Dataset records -
►

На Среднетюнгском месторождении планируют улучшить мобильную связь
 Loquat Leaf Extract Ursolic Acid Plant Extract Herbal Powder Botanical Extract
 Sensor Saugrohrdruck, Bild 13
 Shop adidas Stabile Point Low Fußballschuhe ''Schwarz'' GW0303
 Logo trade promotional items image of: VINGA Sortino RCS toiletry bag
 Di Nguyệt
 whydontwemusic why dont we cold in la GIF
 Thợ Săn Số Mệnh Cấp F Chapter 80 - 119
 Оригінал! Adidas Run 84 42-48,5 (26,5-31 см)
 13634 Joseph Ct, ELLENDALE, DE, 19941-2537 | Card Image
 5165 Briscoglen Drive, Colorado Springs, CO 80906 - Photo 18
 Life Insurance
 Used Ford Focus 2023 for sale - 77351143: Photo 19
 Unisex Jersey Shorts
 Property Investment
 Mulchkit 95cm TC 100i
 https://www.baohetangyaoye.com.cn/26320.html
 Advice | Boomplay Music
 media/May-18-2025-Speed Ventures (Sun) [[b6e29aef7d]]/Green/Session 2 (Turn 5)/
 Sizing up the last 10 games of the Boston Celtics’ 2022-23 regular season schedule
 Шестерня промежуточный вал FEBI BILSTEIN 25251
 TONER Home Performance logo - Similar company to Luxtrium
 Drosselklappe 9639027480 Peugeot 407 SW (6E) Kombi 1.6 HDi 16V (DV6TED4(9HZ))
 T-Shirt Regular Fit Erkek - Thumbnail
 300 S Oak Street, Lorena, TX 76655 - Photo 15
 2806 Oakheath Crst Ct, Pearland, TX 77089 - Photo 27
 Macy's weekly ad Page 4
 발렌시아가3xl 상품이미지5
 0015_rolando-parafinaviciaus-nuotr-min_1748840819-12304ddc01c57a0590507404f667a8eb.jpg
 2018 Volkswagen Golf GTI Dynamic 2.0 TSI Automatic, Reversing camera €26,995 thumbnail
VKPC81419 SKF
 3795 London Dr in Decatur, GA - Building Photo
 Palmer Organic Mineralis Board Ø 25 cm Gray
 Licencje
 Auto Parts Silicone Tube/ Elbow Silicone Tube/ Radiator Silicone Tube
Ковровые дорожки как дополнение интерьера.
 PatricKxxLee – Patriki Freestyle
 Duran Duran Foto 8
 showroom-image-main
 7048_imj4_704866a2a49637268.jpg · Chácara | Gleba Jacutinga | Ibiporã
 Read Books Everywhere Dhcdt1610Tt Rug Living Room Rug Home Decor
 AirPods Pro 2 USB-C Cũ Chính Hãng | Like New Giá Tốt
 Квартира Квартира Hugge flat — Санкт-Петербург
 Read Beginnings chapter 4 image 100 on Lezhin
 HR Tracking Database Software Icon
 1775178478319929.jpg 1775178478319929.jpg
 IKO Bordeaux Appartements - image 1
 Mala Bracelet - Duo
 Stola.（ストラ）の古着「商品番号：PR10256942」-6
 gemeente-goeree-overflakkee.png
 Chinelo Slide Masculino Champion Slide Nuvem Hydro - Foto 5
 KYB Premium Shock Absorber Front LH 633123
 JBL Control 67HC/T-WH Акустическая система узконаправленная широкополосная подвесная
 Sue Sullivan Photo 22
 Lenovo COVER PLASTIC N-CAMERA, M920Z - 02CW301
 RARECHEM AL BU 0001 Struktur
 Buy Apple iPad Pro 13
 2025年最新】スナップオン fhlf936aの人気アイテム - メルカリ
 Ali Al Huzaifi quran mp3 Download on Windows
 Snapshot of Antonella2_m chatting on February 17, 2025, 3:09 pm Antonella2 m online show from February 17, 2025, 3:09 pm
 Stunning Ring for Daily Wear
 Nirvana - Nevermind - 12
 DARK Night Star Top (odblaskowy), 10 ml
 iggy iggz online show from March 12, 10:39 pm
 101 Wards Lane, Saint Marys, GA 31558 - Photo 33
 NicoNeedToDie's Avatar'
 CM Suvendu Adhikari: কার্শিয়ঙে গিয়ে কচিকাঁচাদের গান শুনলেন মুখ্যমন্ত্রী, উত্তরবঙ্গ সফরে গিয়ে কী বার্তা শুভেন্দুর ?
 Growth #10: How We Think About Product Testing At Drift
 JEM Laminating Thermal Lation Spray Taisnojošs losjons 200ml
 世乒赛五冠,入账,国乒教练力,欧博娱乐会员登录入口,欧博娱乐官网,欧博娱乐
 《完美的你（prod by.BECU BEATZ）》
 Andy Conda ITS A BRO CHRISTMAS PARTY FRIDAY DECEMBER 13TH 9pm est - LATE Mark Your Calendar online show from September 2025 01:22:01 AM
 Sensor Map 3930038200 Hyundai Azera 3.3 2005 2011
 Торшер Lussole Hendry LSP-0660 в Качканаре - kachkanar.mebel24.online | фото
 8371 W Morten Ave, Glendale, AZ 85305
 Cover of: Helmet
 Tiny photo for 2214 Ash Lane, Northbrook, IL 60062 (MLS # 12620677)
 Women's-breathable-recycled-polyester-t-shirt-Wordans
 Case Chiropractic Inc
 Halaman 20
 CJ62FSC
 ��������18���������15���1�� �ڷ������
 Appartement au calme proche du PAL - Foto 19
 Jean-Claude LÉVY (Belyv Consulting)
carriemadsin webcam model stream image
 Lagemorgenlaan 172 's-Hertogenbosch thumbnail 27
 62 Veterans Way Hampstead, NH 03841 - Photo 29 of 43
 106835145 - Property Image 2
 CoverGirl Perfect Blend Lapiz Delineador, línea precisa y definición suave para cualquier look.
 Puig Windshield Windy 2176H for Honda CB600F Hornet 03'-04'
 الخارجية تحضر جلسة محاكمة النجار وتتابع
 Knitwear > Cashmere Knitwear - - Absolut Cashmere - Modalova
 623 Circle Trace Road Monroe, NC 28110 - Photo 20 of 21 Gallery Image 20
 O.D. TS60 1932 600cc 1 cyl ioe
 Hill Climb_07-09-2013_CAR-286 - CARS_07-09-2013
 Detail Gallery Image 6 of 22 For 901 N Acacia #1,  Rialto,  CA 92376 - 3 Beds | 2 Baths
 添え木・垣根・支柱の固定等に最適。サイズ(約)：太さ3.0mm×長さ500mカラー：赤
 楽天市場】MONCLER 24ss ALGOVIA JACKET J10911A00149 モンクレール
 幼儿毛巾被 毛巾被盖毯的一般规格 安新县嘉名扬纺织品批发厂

◄

Assignment -
A single number is the whole answer: the tally of lines above that contain "from".

Written response -
3